Ragom.id – Kunjungan kerja Presiden Republik Indonesia, Prabowo Subianto, ke Provinsi Lampung pada Rabu (10/6/2026) disambut dengan aksi unjuk rasa oleh puluhan mahasiswa yang tergabung dalam Liga Mahasiswa Nasional untuk Demokrasi (LMND) Lampung.

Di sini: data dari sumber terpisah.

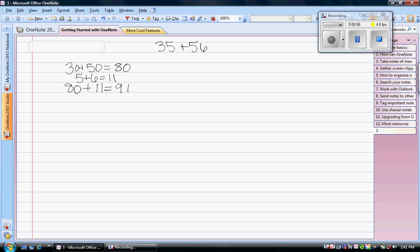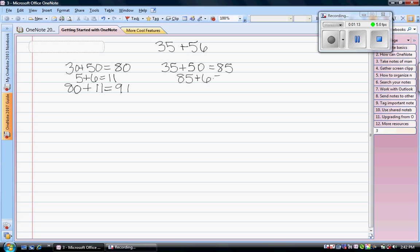Another way that's similar to this is to keep the first number intact. So 35 plus 50 is 85 and then we add our 6 ones. 85 plus 6 is 91.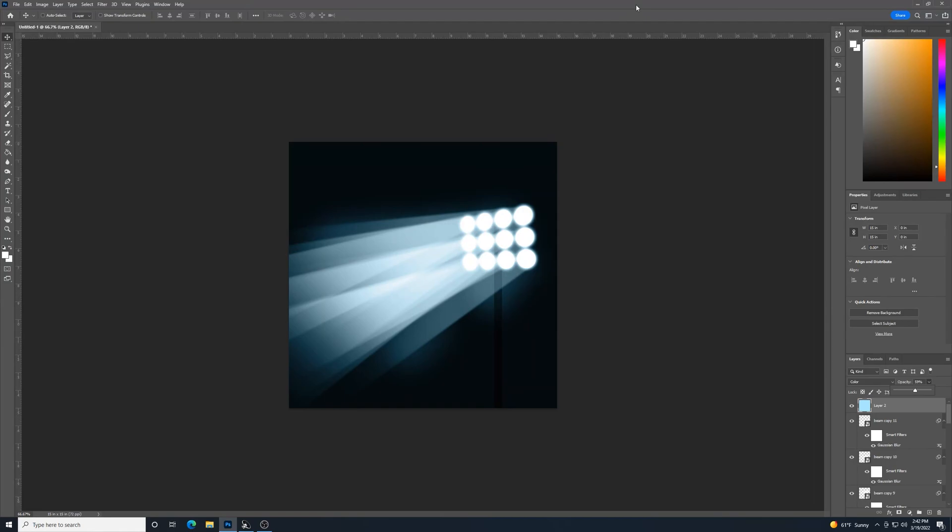There you have it. Stadium lighting version two, something that's hopefully a little bit more updated and gives you more options to play around with. And I appreciate you watching the tutorial. Let me know if you like this one better than the other one. And we'll catch you on the next video.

Berpusat di kawasan Bundaran Tugu Adipura, Kota Bandar Lampung, massa aksi menyampaikan kritik tajam melalui aksi teatrikal jahit mulut.
Berdasarkan pantauan Ragom.id di lokasi, sejumlah peserta aksi tampak berdiri mengelilingi ikon Kota Tapis Berseri tersebut sambil menjahit bibir mereka menggunakan benang. Aksi nekat ini tak pelak menyita perhatian para pengguna jalan yang melintas.
Sambil mengibarkan bendera merah, massa juga membentangkan sejumlah spanduk bernada protes, di antaranya bertuliskan “Rakyat Menjerit, Nilai Tukar Melejit” dan “Wujudkan Pendidikan Gratis, Ilmiah, dan Demokratis”.
Aksi ini digelar bertepatan dengan agenda kepresidenan di Lampung, di mana Presiden Prabowo dijadwalkan meresmikan sejumlah fasilitas pelayanan publik serta membuka Musyawarah Nasional (Munas) Himpunan Pengusaha Muda Indonesia (HIPMI).
Simbol Pembungkaman Demokrasi
Koordinator Lapangan Aksi LMND Lampung, Josua Sitorus, menjelaskan bahwa aksi jahit mulut ini bukanlah tanpa makna. Menurutnya, hal tersebut merupakan simbolisasi dari kondisi demokrasi di Indonesia yang dinilai semakin mundur.
“Jahit mulut ini sebenarnya simbolis. Kami melihat bagaimana suara-suara sipil dibungkam. Padahal, masyarakat sipil hanya memiliki suara dan pikiran kritis untuk menyampaikan aspirasi,” tegas Josua di sela-sela orasi, Rabu (10/6).
Josua menambahkan, aksi ini juga merupakan bentuk respons atas berbagai krisis dan himpitan yang tengah mencekik masyarakat kelas bawah. Mulai dari susahnya mencari lapangan pekerjaan, tingginya tekanan ekonomi, hingga rentetan kebijakan pemerintah yang dianggap tidak berpihak pada rakyat kecil.
“Kami ingin menunjukkan bahwa rakyat sedang menghadapi banyak kesulitan. Ada anak muda yang belum mendapatkan kepastian kerja, serta masyarakat yang masih berjuang mati-matian memenuhi kebutuhan hidup sehari-hari,” ungkapnya.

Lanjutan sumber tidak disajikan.